Etripamil Nasal Spray for Rapid Conversion of Supraventricular Tachycardia to Sinus Rhythm

Bruce S Stambler, Paul Dorian, Philip T Sager, Douglas Wight, Philippe Douville, Diane Potvin, Pirouz Shamszad, Ronald J Haberman, Richard S Kuk, Dhanunjaya R Lakkireddy, Jose M Teixeira, Kenneth C Bilchick, Roger S Damle, Robert C Bernstein, Wilson W Lam, Gearoid O'Neill, Peter A Noseworthy, Kalpathi L Venkatachalam, Benoit Coutu, Blandine Mondésert, Francis Plat, Bruce S Stambler, Paul Dorian, Philip T Sager, Douglas Wight, Philippe Douville, Diane Potvin, Pirouz Shamszad, Ronald J Haberman, Richard S Kuk, Dhanunjaya R Lakkireddy, Jose M Teixeira, Kenneth C Bilchick, Roger S Damle, Robert C Bernstein, Wilson W Lam, Gearoid O'Neill, Peter A Noseworthy, Kalpathi L Venkatachalam, Benoit Coutu, Blandine Mondésert, Francis Plat

Abstract

Background: There is no nonparenteral medication for the rapid termination of paroxysmal supraventricular tachycardia.

Objectives: The purpose of this study was to assess the efficacy and safety of etripamil nasal spray, a short-acting calcium-channel blocker, for the rapid termination of paroxysmal supraventricular tachycardia (SVT).

Methods: This phase 2 study was performed during electrophysiological testing in patients with previously documented SVT who were induced into SVT prior to undergoing a catheter ablation.

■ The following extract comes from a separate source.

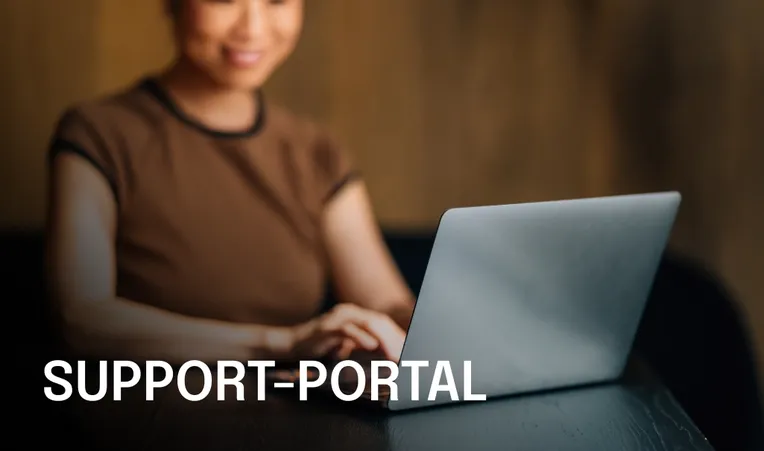 Woman using a laptop with the text "Support Portal" on the left. The background is softly blurred, emphasizing the focus on the laptop.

Patients in sustained SVT for 5 min received either placebo or 1 of 4 doses of active compound. The primary endpoint was the SVT conversion rate within 15 min of study drug administration. Secondary endpoints included time to conversion and adverse events.

Results: One hundred four patients were dosed. Conversion rates from SVT to sinus rhythm were between 65% and 95% in the etripamil nasal spray groups and 35% in the placebo group; the differences were statistically significant (Pearson chi-square test) in the 3 highest active compound dose groups versus placebo. In patients who converted, the median time to conversion with etripamil was <3 min. Adverse events were mostly related to the intranasal route of administration or local irritation. Reductions in blood pressure occurred predominantly in the highest etripamil dose.

Conclusions: Etripamil nasal spray rapidly terminated induced SVT with a high conversion rate. The safety and efficacy results of this study provide guidance for etripamil dose selection for future studies involving self-administration of this new intranasal calcium-channel blocker in a real-world setting for the termination of SVT. (Efficacy and Safety of Intranasal MSP-2017 [Etripamil] for the Conversion of PSVT to Sinus Rhythm [NODE-1]; NCT02296190).

Keywords: atrioventricular nodal re-entrant tachycardia; atrioventricular reciprocating tachycardia; calcium-channel blocker; conversion rate; episodic treatment; paroxysmal supraventricular tachycardia.